On this page you will find information and resources that will help you plan your collaborative workshop. While the topics are somewhat in order, you will find yourself tackling many of the tasks concurrently.
Once you have read through this page, consult "GATHER_Tying it all Together" for examples of how to effectively bring together these planning elements to build a purpose-specific meeting.
Charrettes take a lot of time to plan, prepare for, and execute, so before you get started, it’s a good idea to determine if a charrette is really the best tool for your desired outcome.
Work through the following Kinsley questions then read the GATHER materials posted below.
The attached Kinsley document gives a nice overview of what to expect in the charrette/workshop planning process, identifies the key elements and task suggestions for each, and provides a rough timeline of when to tackle different pieces of the planning process.

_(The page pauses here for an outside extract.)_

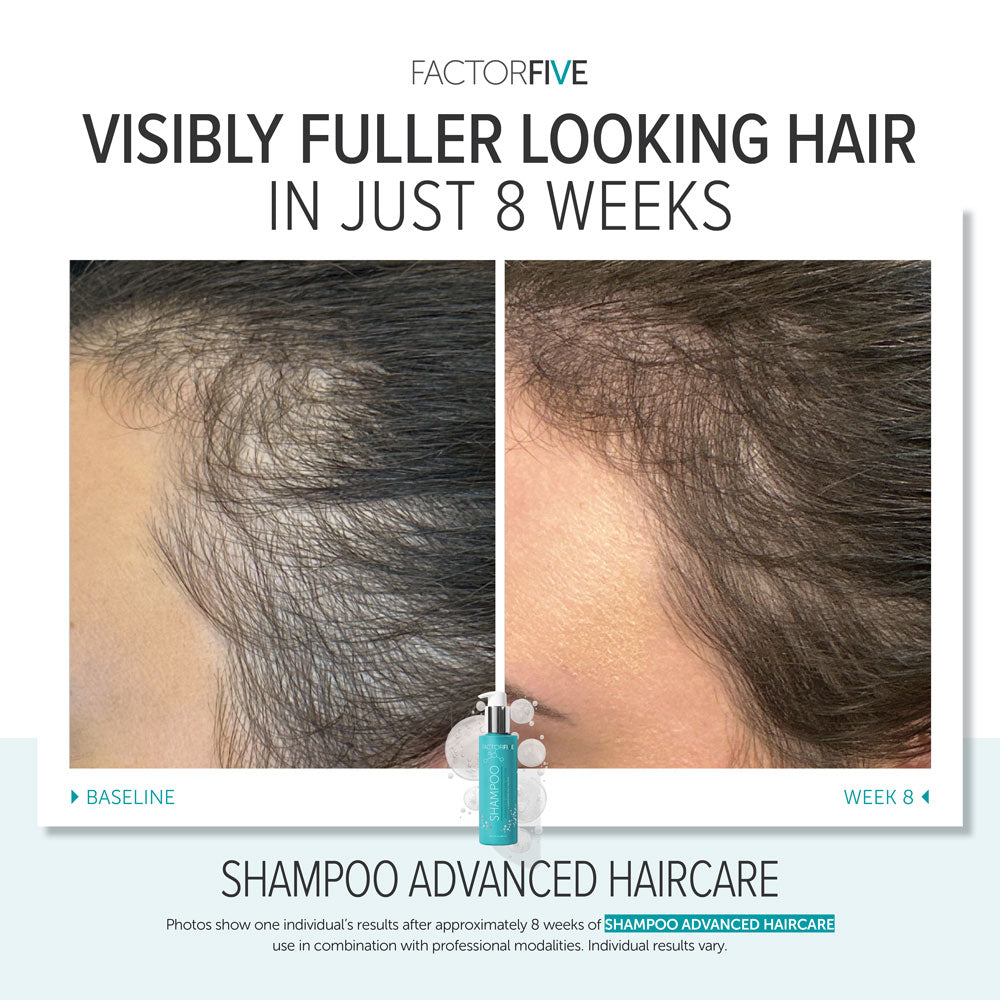 FACTORFIVE Advanced Haircare Shampoo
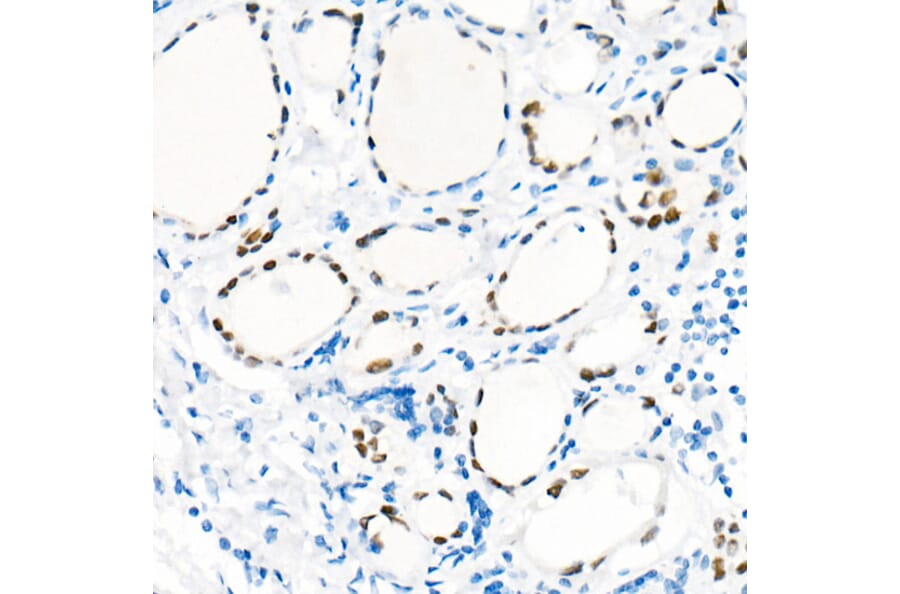 Immunohistochemistry - Anti-TTF1 Antibody [ARC51284] (A306550) - Antibodies.com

A general rule of thumb is one facilitator per breakout group (five to ten participants). Choosing your fellow facilitators should be pretty simple given RMI’s abundance of talent, and if needed, you can always consult the Subject Specialist spreadsheet on the google drive. Aim to include junior staff: we value facilitation as a core competency at RMI, so let’s start the learning process early to build a strong core of facilitation experts. If you’re collaborating with another organization to host the workshop, include their staff on the facilitation team.
Once you’ve selected your team, include them in the planning: background research, developing objectives, selecting participants, creating an agenda, basically anything pre-charrette. This ensures that all facilitators are on the same page, share an invested interest in the charrette, and are familiar with the participants and content matter. As the lead facilitator, you are responsible for your team being properly prepared for the main event.
Kinsley provides further detail for selecting the most effective facilitation team and suggests beta testing to make sure facilitators are well prepared.
Regardless of where you fall on the problem spectrum -- from unclear problem to clear solution -- you’re hosting the charrette because you face barriers in reaching the desired outcome. Attempt to identify those barriers and then research everything in the surrounding space. Through traditional research, interviews, any other means necessary, you’ll eventually find yourself in a position to form hypotheses for solutions to these barriers.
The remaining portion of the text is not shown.